Mais revenons à notre Musée du Communisme. Lieu tout à la fois foutraque, genre caverne d’Ali Baba, avec objets entassés les uns à côté des autres, voire les uns sur les autres, et paradoxalement extrêmement didactique, celui-ci, à travers ses trois salles principales reliées chacune à une thématique – le rêve du communisme, la réalité et le cauchemar – retrace l’histoire et l’influence du communisme en Tchécoslovaquie à partir de 1921 et principalement à partir du Coup de Prague (1948) jusqu’à la chute du mur de Berlin (1989). Lorsque le Parti communiste, en février 1948, prend le contrôle de la Tchécoslovaquie, avec le soutien de l’Union Soviétique, la Troisième République est remplacée par un régime communiste des plus drastiques.

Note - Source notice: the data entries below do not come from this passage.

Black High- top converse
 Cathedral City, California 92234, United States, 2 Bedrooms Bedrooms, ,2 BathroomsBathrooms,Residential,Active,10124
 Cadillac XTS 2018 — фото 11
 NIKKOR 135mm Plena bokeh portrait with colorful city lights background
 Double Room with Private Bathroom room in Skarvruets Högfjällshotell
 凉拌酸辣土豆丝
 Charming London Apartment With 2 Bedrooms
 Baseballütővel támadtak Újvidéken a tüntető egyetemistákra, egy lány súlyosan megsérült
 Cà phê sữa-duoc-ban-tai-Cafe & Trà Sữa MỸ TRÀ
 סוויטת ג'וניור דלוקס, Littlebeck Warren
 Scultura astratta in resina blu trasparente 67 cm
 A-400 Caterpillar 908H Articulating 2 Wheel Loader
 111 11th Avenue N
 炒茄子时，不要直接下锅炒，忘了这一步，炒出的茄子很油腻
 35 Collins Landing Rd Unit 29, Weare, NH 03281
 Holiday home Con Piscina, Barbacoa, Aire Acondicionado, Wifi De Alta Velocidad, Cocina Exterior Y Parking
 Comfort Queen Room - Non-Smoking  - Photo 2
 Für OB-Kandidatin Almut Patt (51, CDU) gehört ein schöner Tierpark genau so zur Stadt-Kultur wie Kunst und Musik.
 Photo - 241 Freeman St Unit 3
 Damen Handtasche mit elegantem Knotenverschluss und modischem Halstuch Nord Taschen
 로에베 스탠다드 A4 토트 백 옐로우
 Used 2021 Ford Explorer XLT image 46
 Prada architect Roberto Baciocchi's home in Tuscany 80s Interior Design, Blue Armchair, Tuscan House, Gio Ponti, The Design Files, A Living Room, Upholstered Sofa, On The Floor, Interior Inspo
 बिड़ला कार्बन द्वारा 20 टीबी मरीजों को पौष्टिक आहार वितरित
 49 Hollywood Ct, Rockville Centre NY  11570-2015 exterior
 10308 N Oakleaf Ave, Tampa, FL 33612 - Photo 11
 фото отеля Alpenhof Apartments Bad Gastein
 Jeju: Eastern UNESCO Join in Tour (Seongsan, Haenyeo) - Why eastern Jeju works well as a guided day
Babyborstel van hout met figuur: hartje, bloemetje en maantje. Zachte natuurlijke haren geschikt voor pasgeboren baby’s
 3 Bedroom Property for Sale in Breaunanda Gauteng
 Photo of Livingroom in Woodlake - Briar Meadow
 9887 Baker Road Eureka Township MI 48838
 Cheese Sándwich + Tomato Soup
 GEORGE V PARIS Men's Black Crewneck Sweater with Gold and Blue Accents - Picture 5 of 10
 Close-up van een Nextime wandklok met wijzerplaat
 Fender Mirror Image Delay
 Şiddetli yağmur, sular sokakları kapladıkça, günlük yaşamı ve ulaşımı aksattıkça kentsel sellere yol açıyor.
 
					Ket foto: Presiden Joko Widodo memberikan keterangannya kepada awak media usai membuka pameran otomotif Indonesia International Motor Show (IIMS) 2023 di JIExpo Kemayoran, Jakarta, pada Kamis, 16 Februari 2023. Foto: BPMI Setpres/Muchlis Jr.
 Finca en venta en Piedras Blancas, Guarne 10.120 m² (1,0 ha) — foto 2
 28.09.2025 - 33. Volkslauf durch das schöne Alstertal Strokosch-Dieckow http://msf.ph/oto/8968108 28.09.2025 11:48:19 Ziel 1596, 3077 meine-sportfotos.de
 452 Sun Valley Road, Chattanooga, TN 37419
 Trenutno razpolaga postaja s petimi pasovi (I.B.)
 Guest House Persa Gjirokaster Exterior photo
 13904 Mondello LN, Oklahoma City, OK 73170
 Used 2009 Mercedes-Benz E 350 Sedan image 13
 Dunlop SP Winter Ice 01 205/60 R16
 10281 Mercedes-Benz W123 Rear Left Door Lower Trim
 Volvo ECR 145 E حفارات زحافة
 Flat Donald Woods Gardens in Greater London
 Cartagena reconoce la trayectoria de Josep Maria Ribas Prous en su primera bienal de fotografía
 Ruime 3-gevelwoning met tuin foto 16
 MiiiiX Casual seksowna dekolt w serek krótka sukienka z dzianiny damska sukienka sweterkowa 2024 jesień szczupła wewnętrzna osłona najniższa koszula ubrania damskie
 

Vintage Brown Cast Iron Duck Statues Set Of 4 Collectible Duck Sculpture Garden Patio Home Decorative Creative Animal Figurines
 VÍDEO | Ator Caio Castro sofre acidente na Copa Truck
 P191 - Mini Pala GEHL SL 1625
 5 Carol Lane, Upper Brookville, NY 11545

Le Musée raconte et dénonce ce régime communiste totalitaire non seulement à travers le récit des événements politiques, mais aussi à travers les différents aspects de la vie quotidienne des Tchèques: le travail, l’économie, l’éducation, les arts, la censure, le sport, l’armée, la propagande, la police, les interrogatoires… Les documents présentés sont autant de témoignages de ce régime arbitraire qui sévit en Tchécoslovaquie pendant près de quarante ans. Les statues de Marx, Lénine, Staline côtoient de bien belles affiches de propagande… Il y a là de quoi revoir son cours d’histoire dans les moindres détails. Il n’est donc pas étonnant – et c’est tant mieux – d’y croiser quelques groupes scolaires.
Si vos vacances passent par Prague cet été, n’hésitez pas à vous rendre dans ces trois musées. Vous ne serez pas déçus !
Isabelle Fauvel
Jusqu’à ce qu’une rénovation de la librairie du Musée d’Orsay à Paris la fasse disparaitre,
la « Frise décorant le pavillon de la Bosnie-Herzégovine » de l’Exposition universelle de 1900 était conservée dans la galerie de la boutique, donnant à Mucha la place qui lui revenait , et au visiteur, le plaisir de la découverte.